You are right in that these Merlins were fitted to a Mosquito MK VI which crashed in 1948.
The A/C was built in1945 (airframe by Standard Motors Co. Ansty, Coventry and the Merlins by Ford Motor Co. Eccles Lancs).
I have had sight of the original Accidents Branch Investigators Report (Digital images from The National Archive at Kew) and "XXV" is how they typed it in that 1948 report. I have not had sight of the original AM Form 1180 (RAF Accident Card) but a recent e-mail from The Air Historical Branch (RAF) giving me the content of the relevant Accident Card uses the "XXV" designation also.
Was Nash Kelvinator a US company?
My thanks again to you, and the great resource that the 'Tech Log' is.
Ian BB

Brian Abraham
14th Oct 2009, 12:04
IBB, interesting story re the XXV, proves how official sources are not always correct. The Nash-Kelvinator was a joint effort of the Nash car company and Kelvinator of refrigerator fame. They had a number of production sites around the US. Do you have a ident on the Mossie in question?

Ian Burgess-Barber
14th Oct 2009, 14:05
Brian, Mosquito TE872 crashed just off the airfield, RAF Pershore, 14 Jan. 1948 after a feathering exercise in continuation training went tragically wrong. The pilot, Flying Officer G Burgess (my father), was killed. The passenger who was an RAF instrument repairer (on board in case the u/c needed to be lowered manually) was thrown clear of the wreck and survived.
Your comment that "official sources are not always correct" has real meaning for me as I research what really happened that day. The errors and omissions I am finding are sobering.
That is why I am being careful about establishing my facts, and your contribution has been most valuable to me
IanBB

enicalyth
15th Oct 2009, 12:50
Ian

As you surmised "hsp" means Hamilton Standard Propeller and there were many licensed manufacturers including de Havilland themselves. As for the Merlin, well Ford too was a large scale builder who did much to improve the breed.
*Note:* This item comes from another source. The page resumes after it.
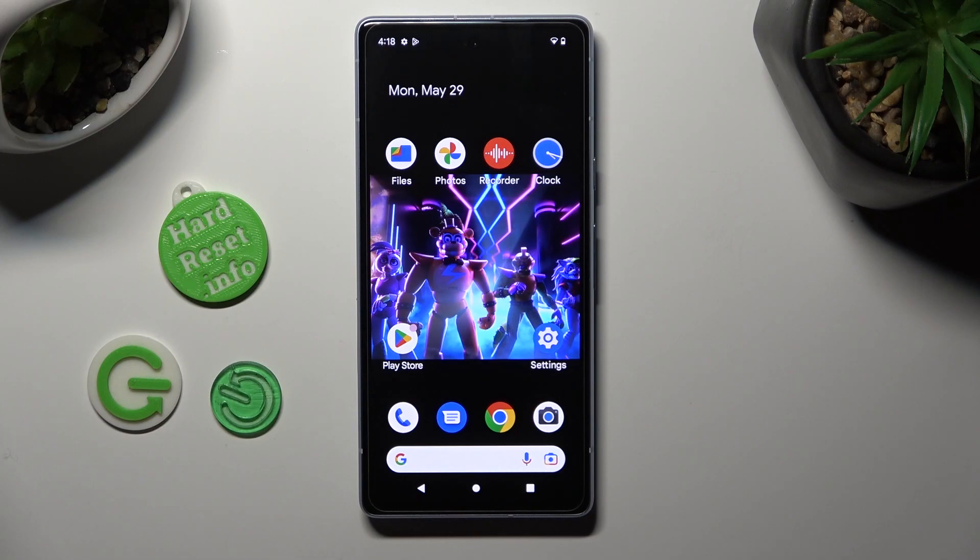Hi, in front of me is Google Pixel 7i and today I would like to show you how you can turn on smooth display to increase screen refresh rate.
Regarding nomenclature, a number of incorrect notations or spellings find their way into records such as MkXXV which then jars with the official history.

Hamilton Standard was then and still is regarded highly for the hydromatic propeller which uses high pressure oil to move a piston fore and aft, this motion being translated through cams into a change of prop blade angle with a governor controlling speed. But like all inventions and all training there is an outside chance that something quite unplanned goes wrong along the way. There is always an enquiry to try and ensure that it can't happen again but as pilots will tell you, sometimes there is no way out.

Graybeard
15th Oct 2009, 14:45
Kelvinator was named for Lord Kelvin, discoverer of absolute zero. Look it up on en.wikipedia.org and follow the links to Nash and Rambler.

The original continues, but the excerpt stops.